综上所述,本发明提供一种柔性OLED显示器及其制作方法。本发明的柔性OLED显示器的制作方法,通过转印的方式,在涂有数圈框胶的刚性基板上粘附数个第一聚合物膜层,然后在所述数个第一聚合物膜层与刚性基板上涂布第二聚合物膜层,接着在所述第二聚合物膜层上对应所述数圈框胶的内侧制作数个TFT层与数个OLED器件,并进行封装,最后沿所述数圈框胶内侧的区域进行切割,即可得到数个柔性OLED显示器,该制作方法有效解决了制备柔性OLED显示器时刚性基板和柔性基板不易分离的问题,大大提高了柔性OLED显示器的生产效率和产品良率。本发明的柔性OLED显示器,易于加工制作,产品良率高。

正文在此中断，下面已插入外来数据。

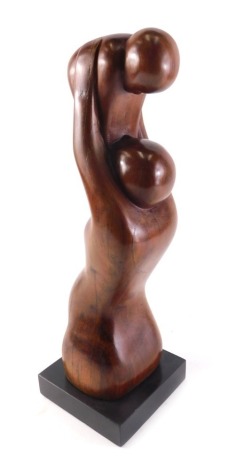 A mahogany sculpture of a mother and child, by Jennifer Watt of North Kelsey Moor Lincolnshire, on a black slate base, 43cm high.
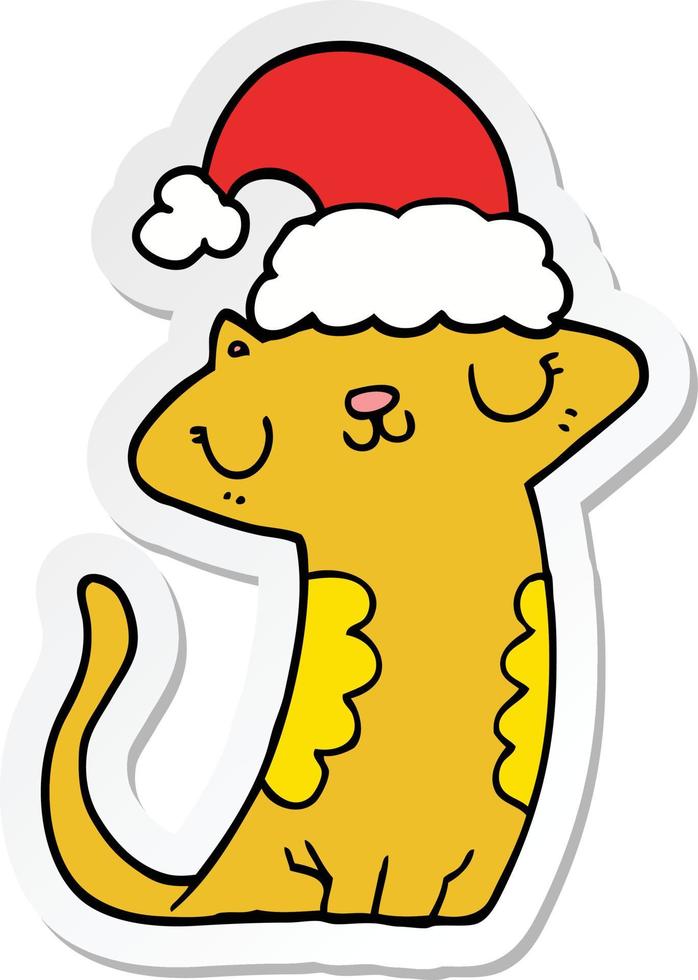 sticker of a cute cartoon cat wearing christmas hat vector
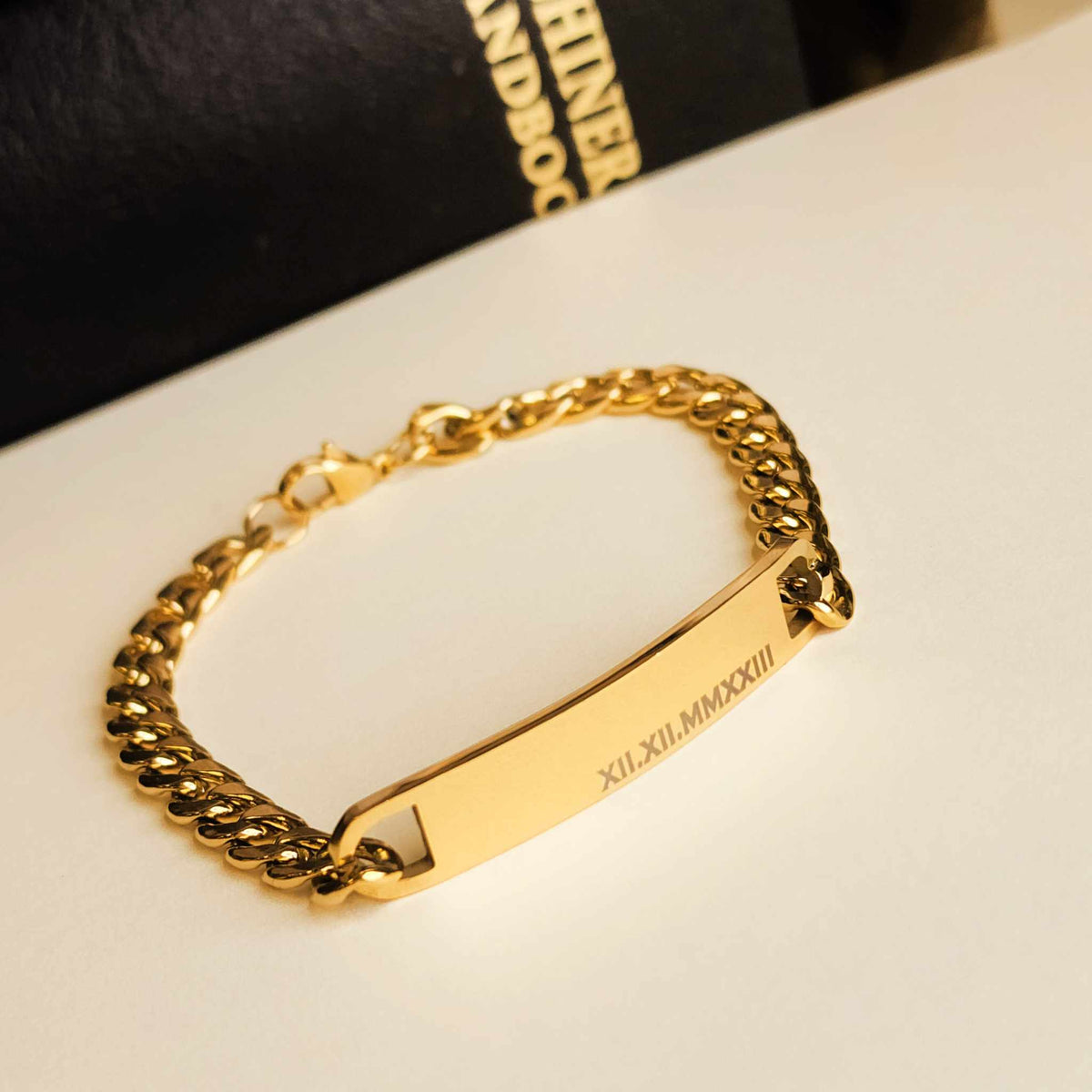 Gold chain bracelet with engraved design on a white surface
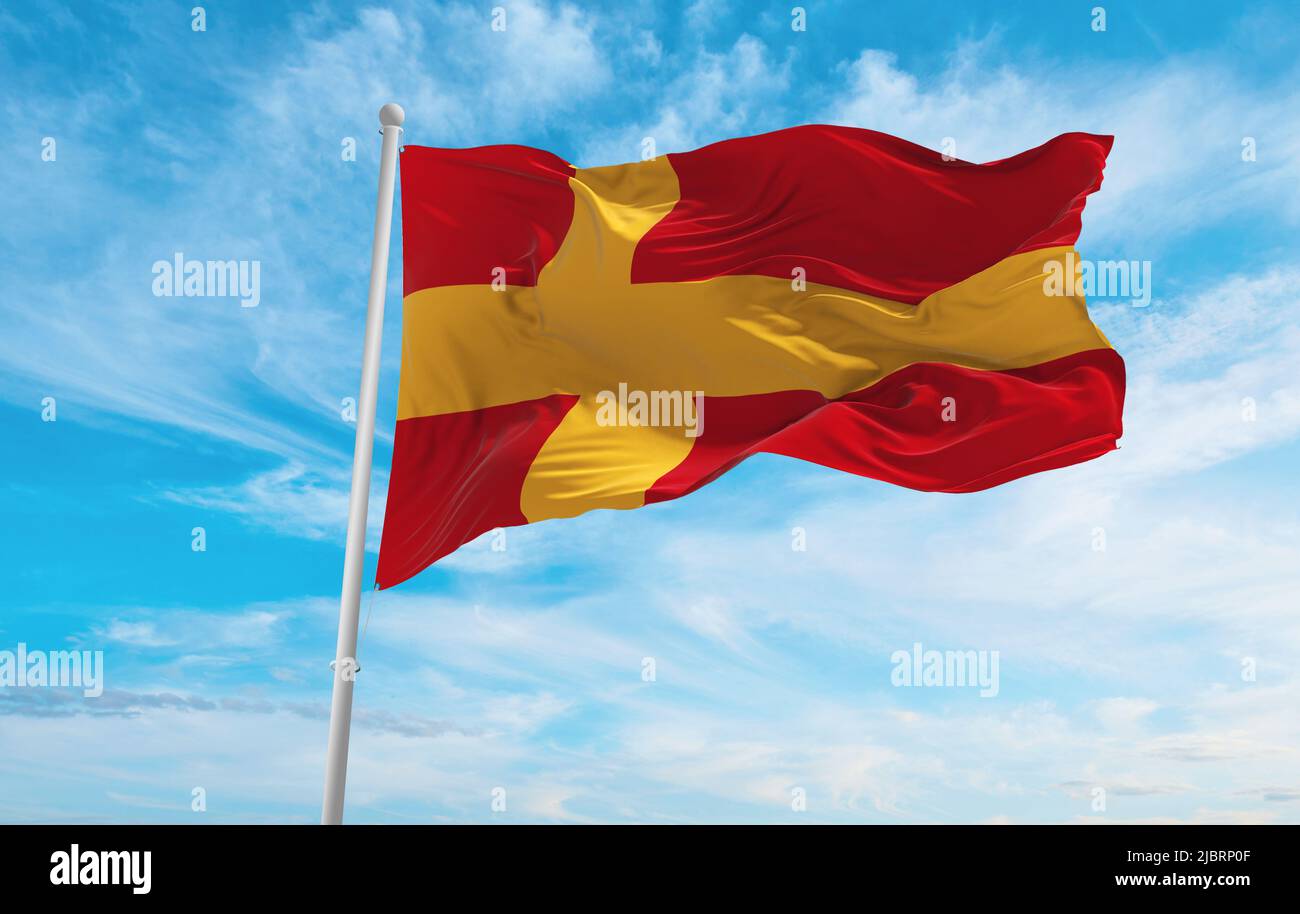 official flag of Swedish speaking Finns , Finland at cloudy sky background on sunset, panoramic view. Finnish travel and patriot concept. copy space f Stock Photo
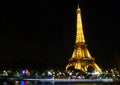 The Eiffel Tower At Night with the reflection of the Seine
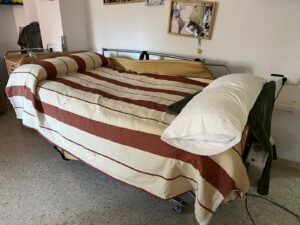 Cama articulada tipo hospital con barandillas, colchón y colcha de rayas rojas y beige. Se encuentra en una habitación individual con decoración personalizada en la pared.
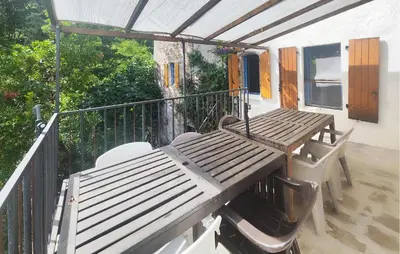 a wooden table and chairs on a balcony at Grande Maison De Village in Saint-Vincent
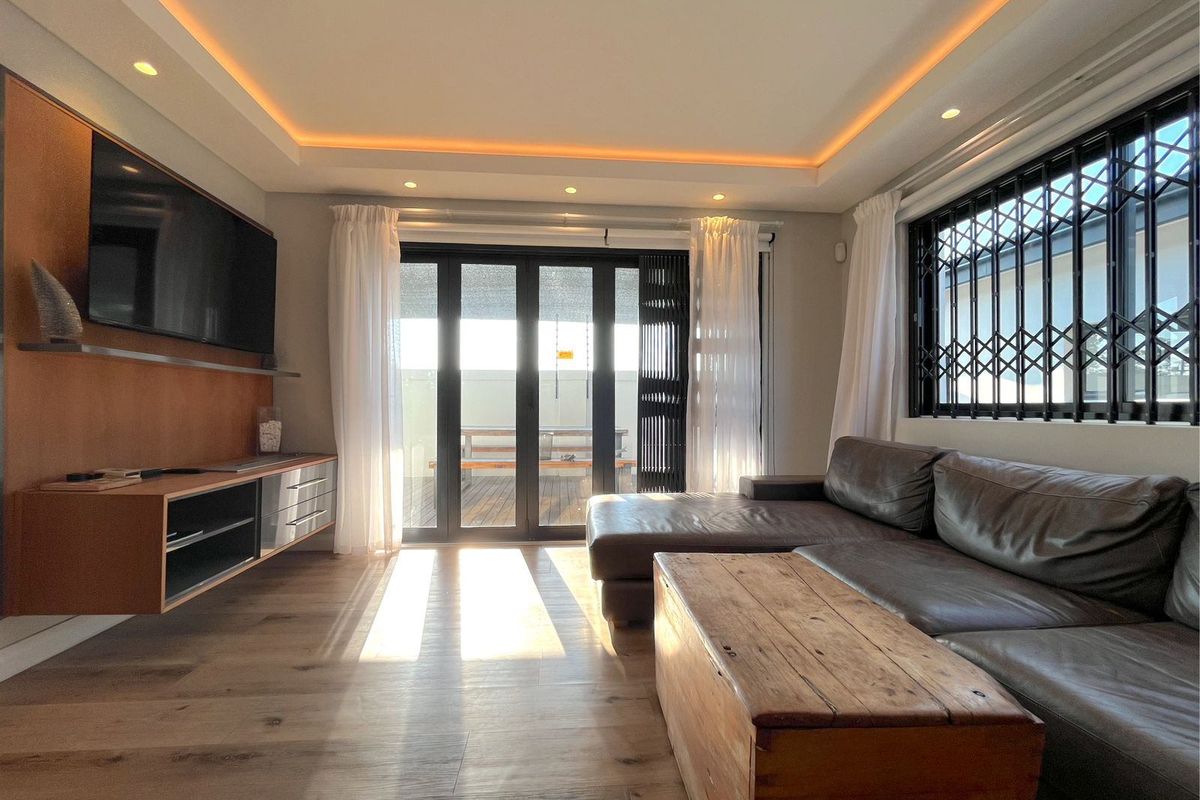 Modern living room featuring recessed tray ceiling with ambient lighting, wood-look flooring, and large sliding glass doors leading to an outdoor patio area.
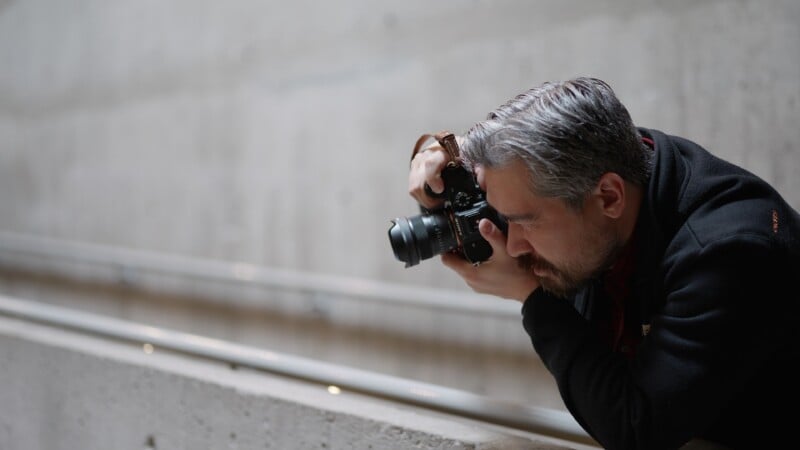 A man with gray hair and a beard leans over a concrete railing, intently looking through a camera as he takes a photo. The background is blurred and consists of plain, gray concrete walls.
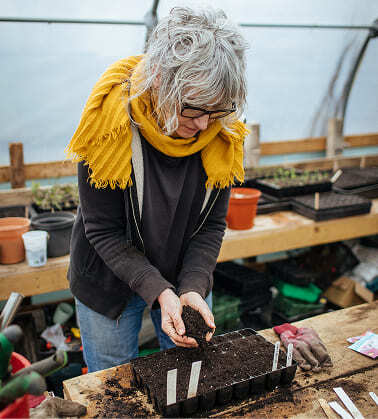 A woman planting seeds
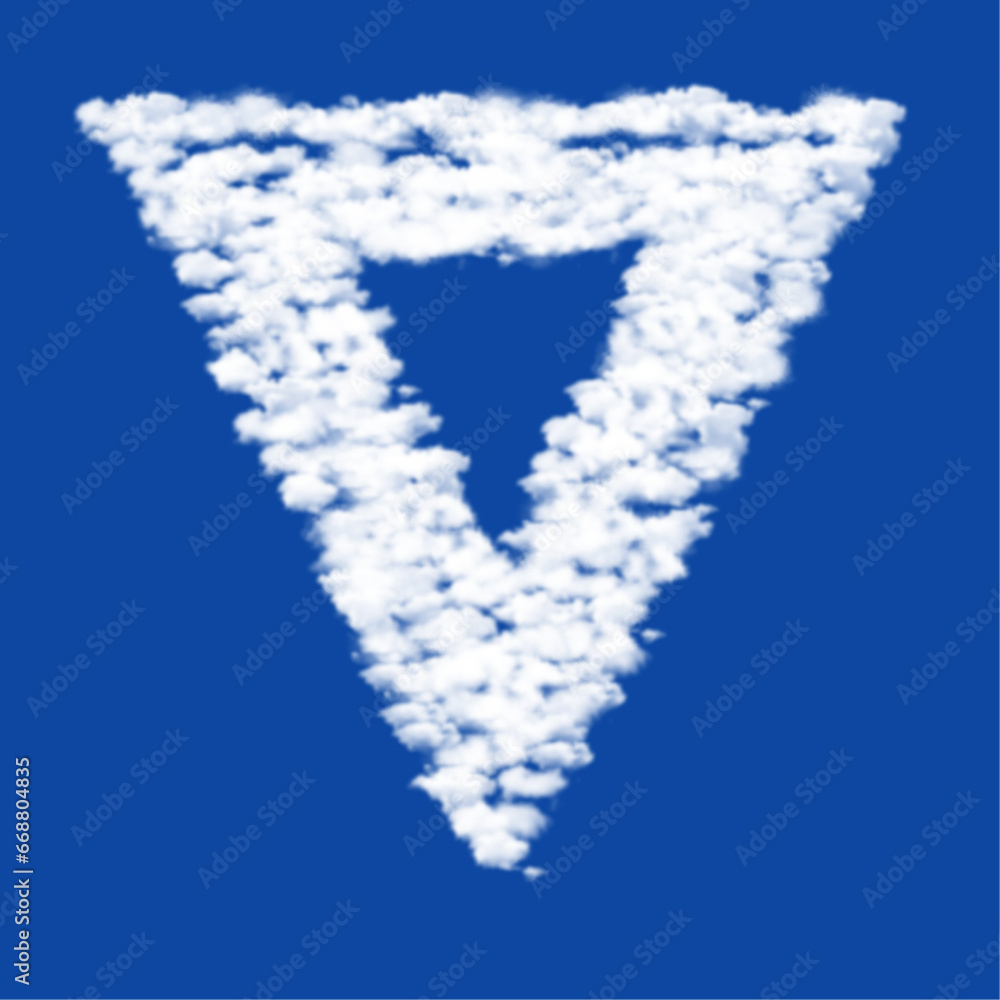 Poster clouds in the shape of a give way sign on a blue sky background. a symbol consisting of clouds in th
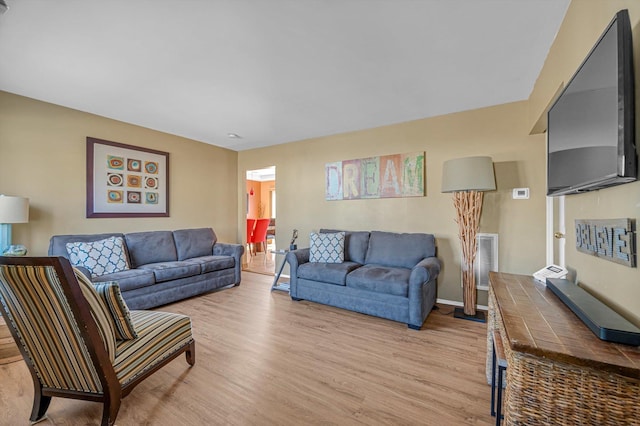 living room featuring baseboards, visible vents, and light wood finished floors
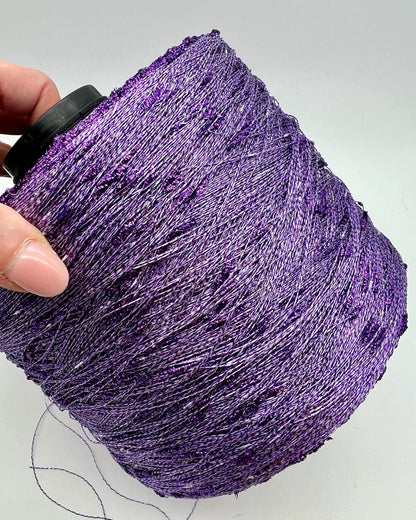 Purple glitter yarn ball held by a hand on a light gray background
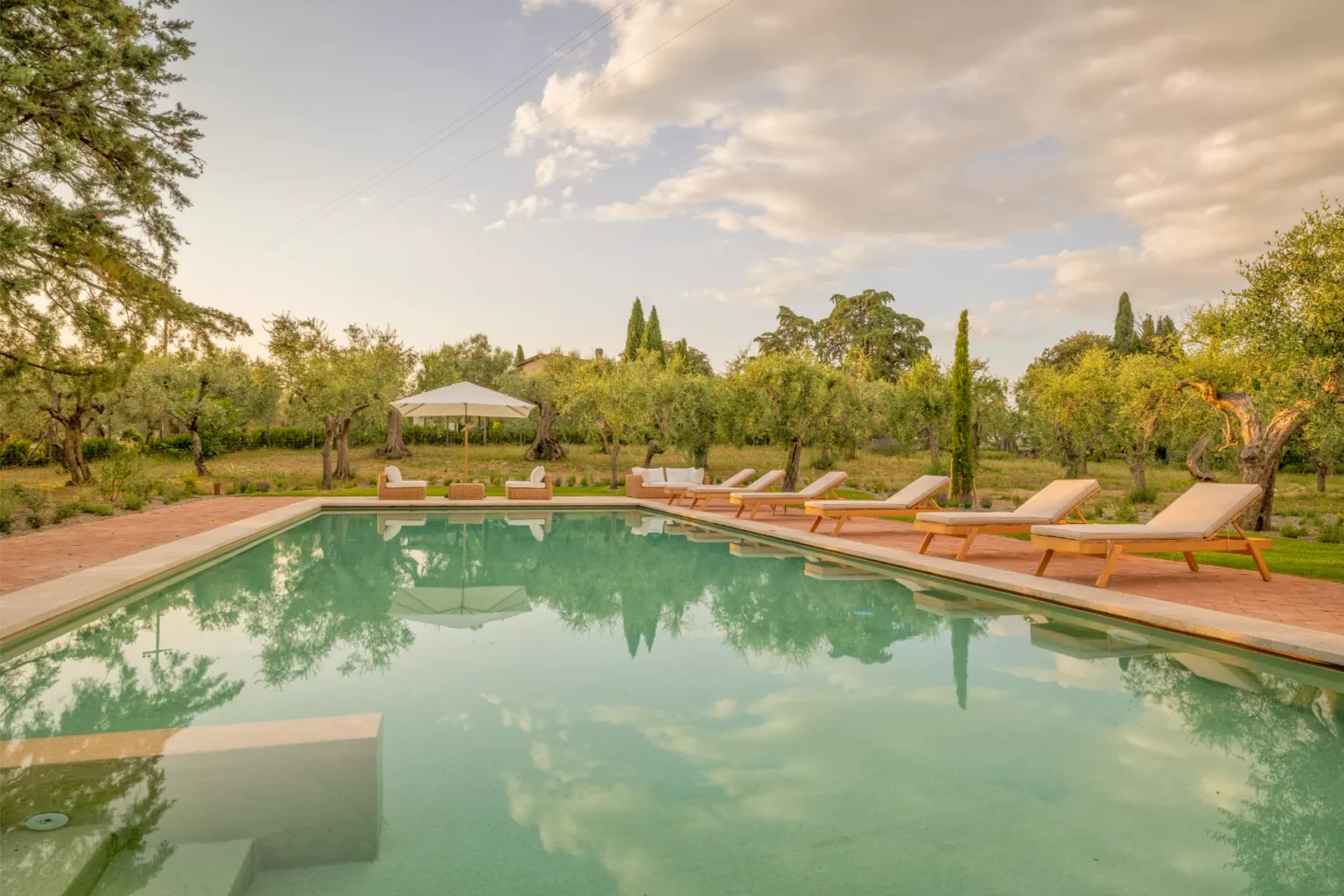 Serene outdoor swimming pool surrounded by olive trees, featuring lounge chairs and a shaded seating area, reflecting a beautiful sky at sunset. Ideal for relaxation and leisure in a tranquil garden setting. | Only on SopranoVillas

以上所述,对于本领域的普通技术人员来说,可以根据本发明的技术方案和技术构思作出其他各种相应的改变和变形,而所有这些改变和变形都应属于本发明权利要求的保护范围。
Claims (15)
- 一种柔性OLED显示器的制作方法,包括如下步骤:步骤1、提供一转印模板,在所述转印模板上形成间隔设置的数个第一聚合物膜层;步骤2、提供一刚性基板,在所述刚性基板上分别对应所述转印模板上数个第一聚合物膜层的位置形成数圈框胶,每圈框胶的位置对应于每个第一聚合物膜层的边缘或者边缘以内的区域;步骤3、将所述转印模板上的数个第一聚合物膜层转印至所述刚性基板上,所述数个第一聚合物膜层分别通过所述数圈框胶粘附于所述刚性基板上;步骤4、在所述数个第一聚合物膜层及刚性基板上涂布第二聚合物膜层,所述第二聚合物膜层的面积大于所述数个第一聚合物膜层的面积;步骤5、在所述第二聚合物膜层上分别对应所述数个第一聚合物膜层制作数个TFT层,在所述数个TFT层上分别制作数个OLED器件,所述数个TFT层与数个OLED器件的位置分别对应所述数圈框胶的内侧;步骤6、对所述数个OLED器件及数个TFT层进行封装,在所述第二聚合物膜层及数个OLED器件上形成分别包覆所述数个OLED器件与数个TFT层的外表面的数个封装结构层,得到一待切割的基板;步骤7、沿所述数圈框胶的内侧对所述待切割的基板进行切割,所述OLED器件下方的第一聚合物膜层与刚性基板脱离连接,从而剥离掉所述刚性基板,得到数个柔性OLED显示器;所述柔性OLED显示器包括从下到上依次设置的第一聚合物膜层、第二聚合物膜层、TFT层、OLED器件、及封装结构层,所述封装结构层位于所述第二聚合物膜层与OLED器件上方并且包覆所述OLED器件与TFT层的外表面。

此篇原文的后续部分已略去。